◆ **The data**

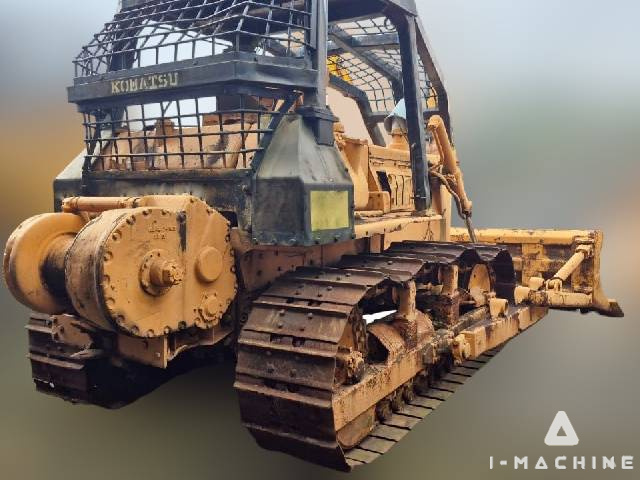 KOMATSU D60E-LK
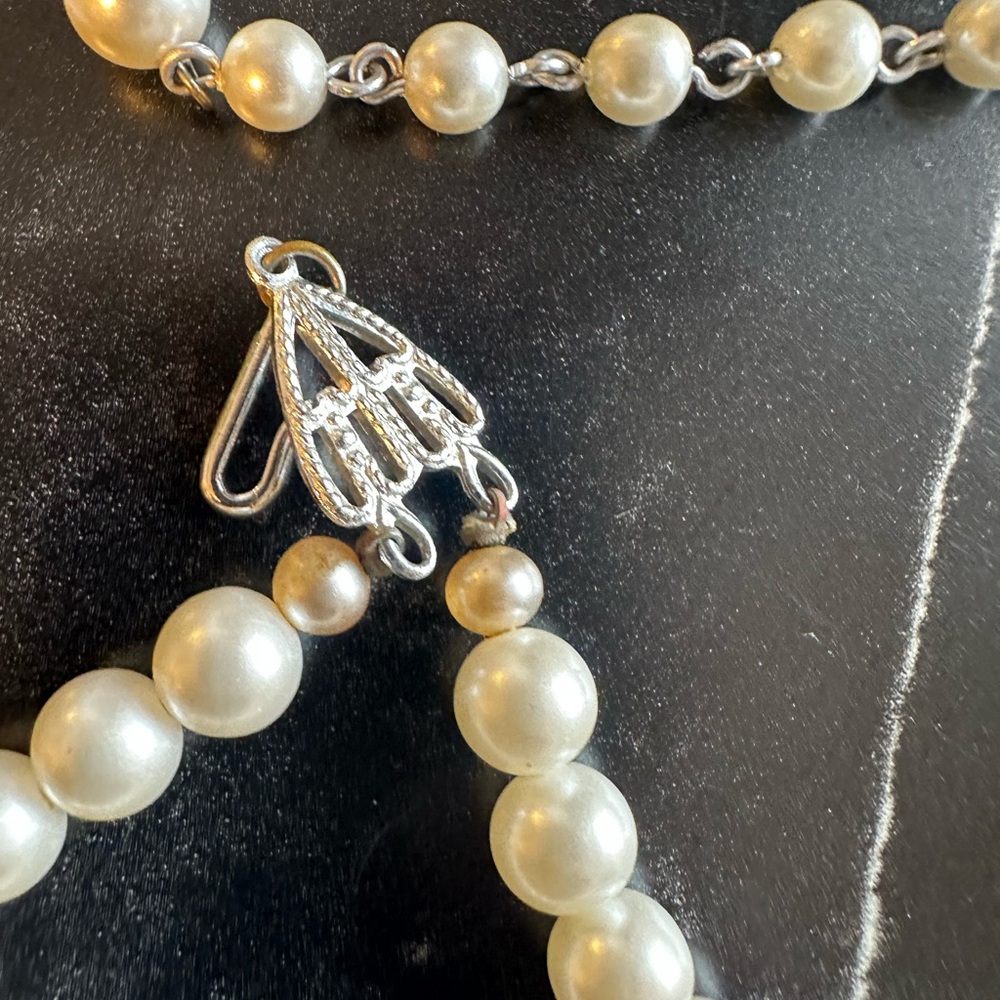 Lot of Vintage Jewelry (10pcs). Necklaces, Chokers, and Earrings. Pre-owned. - Picture 13 of 15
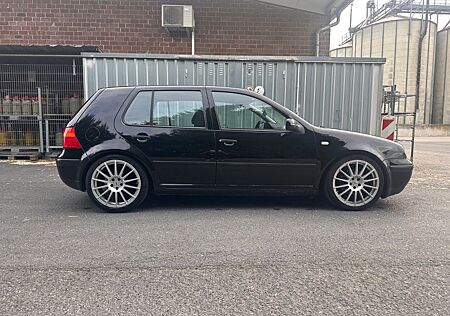 VW Golf Volkswagen 1.9 TDI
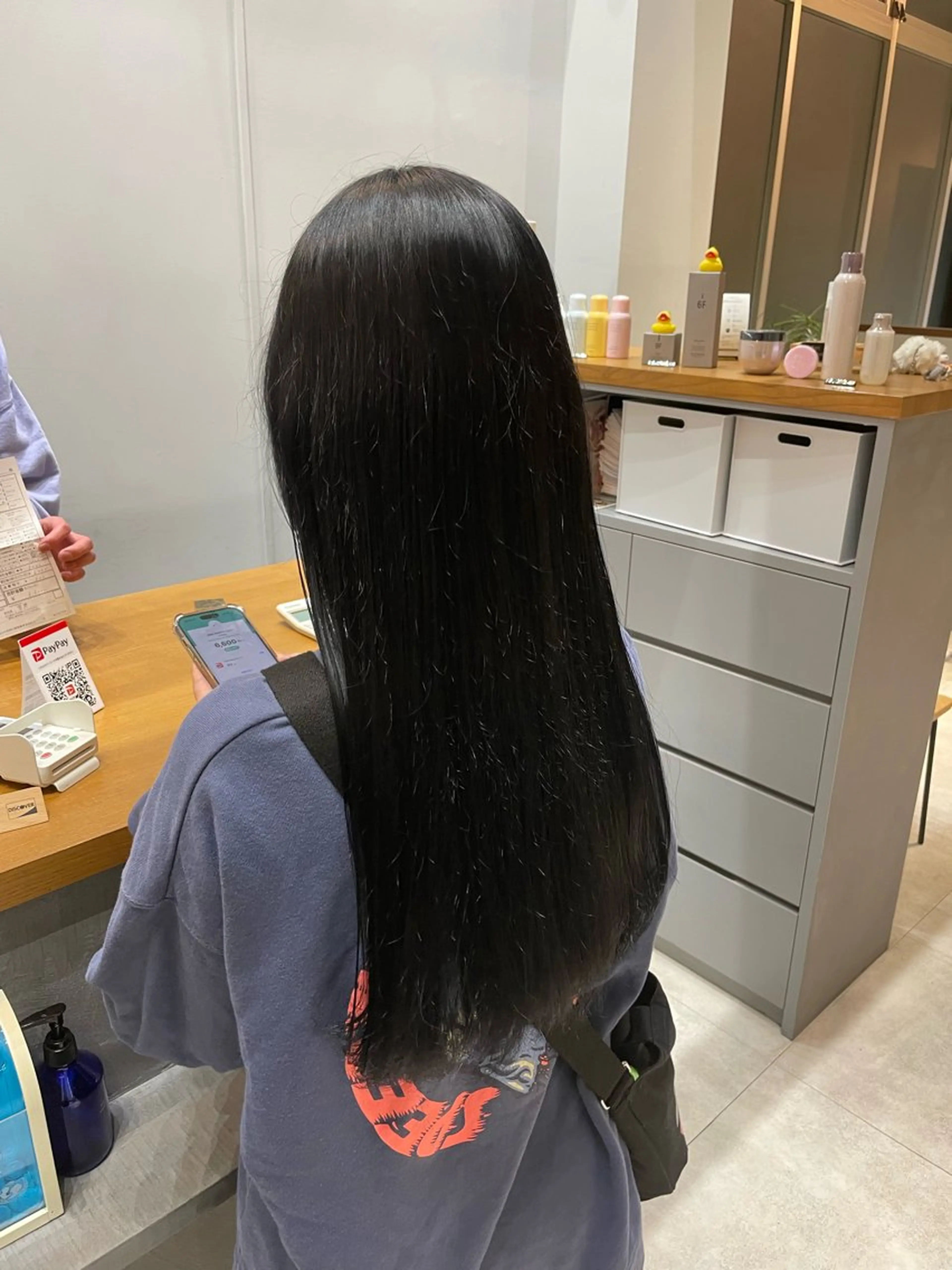 ロング カラー カット 縮毛矯正 エマ ピボット 中川店所属・富原崇太/切りっぱな しボブ/透明感カラーのヘアスタイル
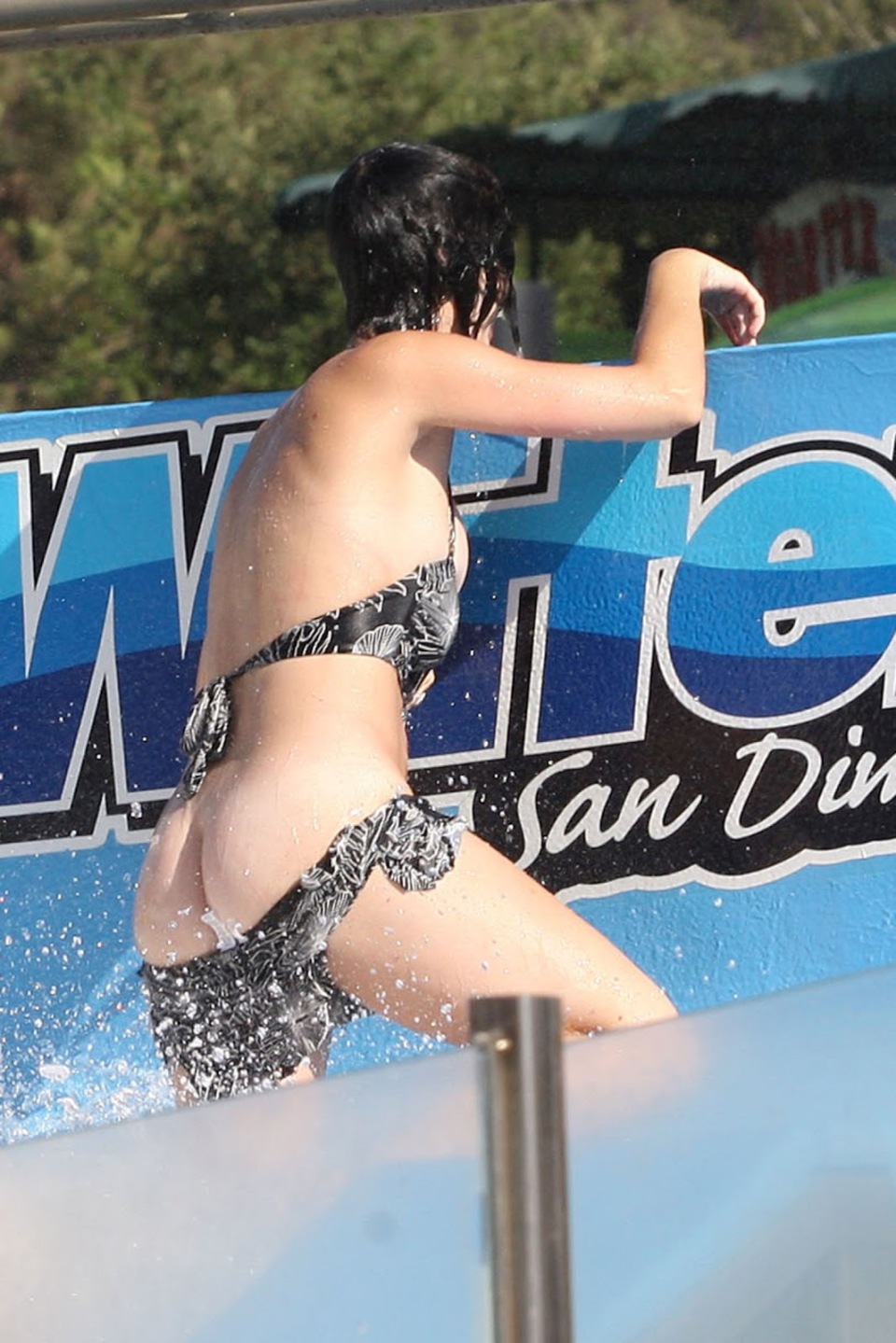 Katy perry bikini wardrobe malfunction full size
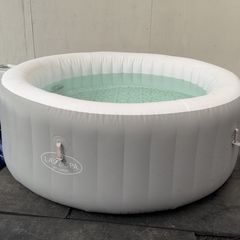 Lazy spa hot tub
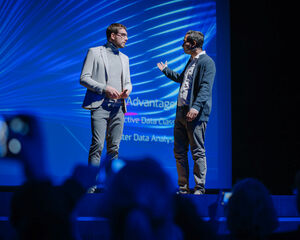 Cómo escribir biografías de conferenciantes que vendan entradas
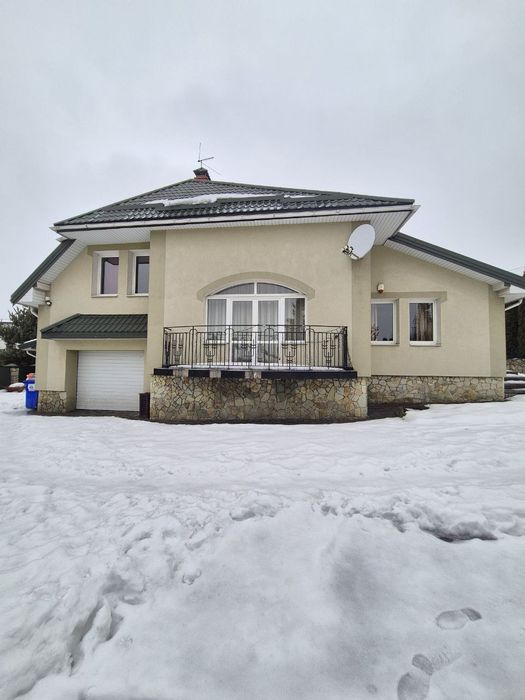 Оренда будинку Зимна Вода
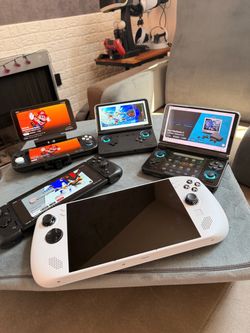 RETRO GAMING HANDHELD COLLECTION  S.E.R.V.I.C.E – LOAD & READY TO PLAY!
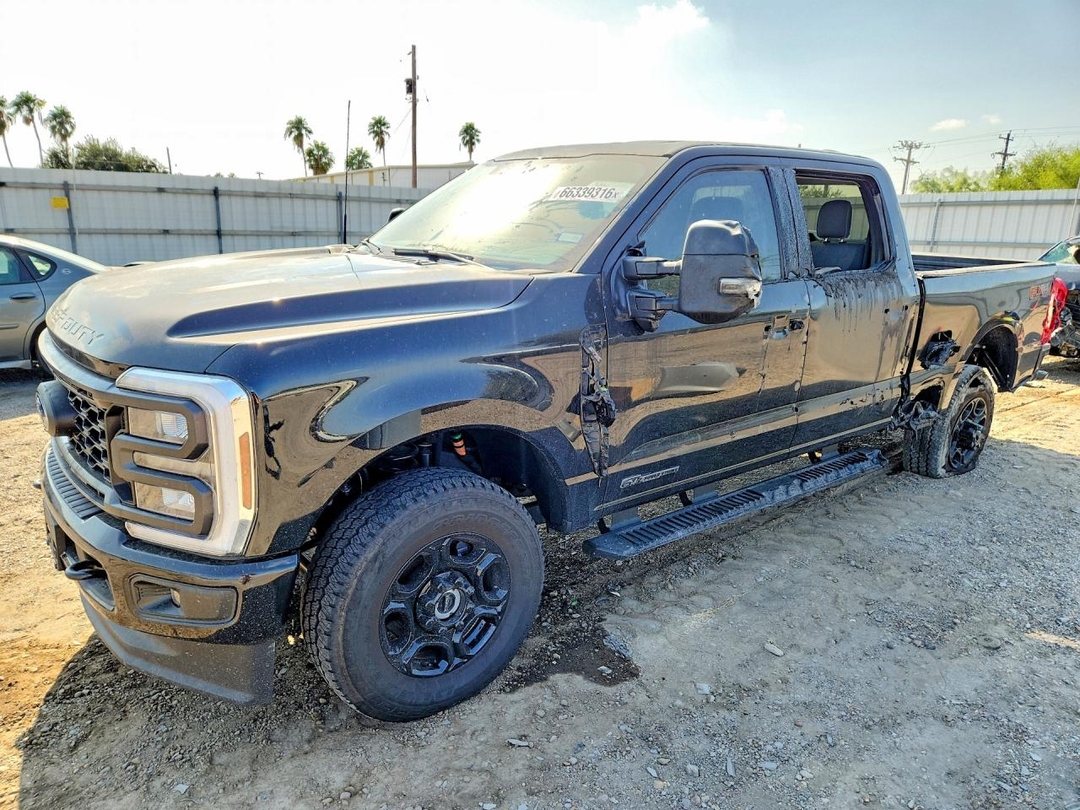 Vue de 2025 FORD F250 SUPER DUTY, angle 1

◆ **About this task**
Print exactly the lines above that run from the one with "Lot of Vintage" down to the one with "Lazy spa hot tub", and omit the pictures.

◆ **Response below**
 Lot of Vintage Jewelry (10pcs). Necklaces, Chokers, and Earrings. Pre-owned. - Picture 13 of 15
 VW Golf Volkswagen 1.9 TDI
 ロング カラー カット 縮毛矯正 エマ ピボット 中川店所属・富原崇太/切りっぱな しボブ/透明感カラーのヘアスタイル
 Katy perry bikini wardrobe malfunction full size
 Lazy spa hot tub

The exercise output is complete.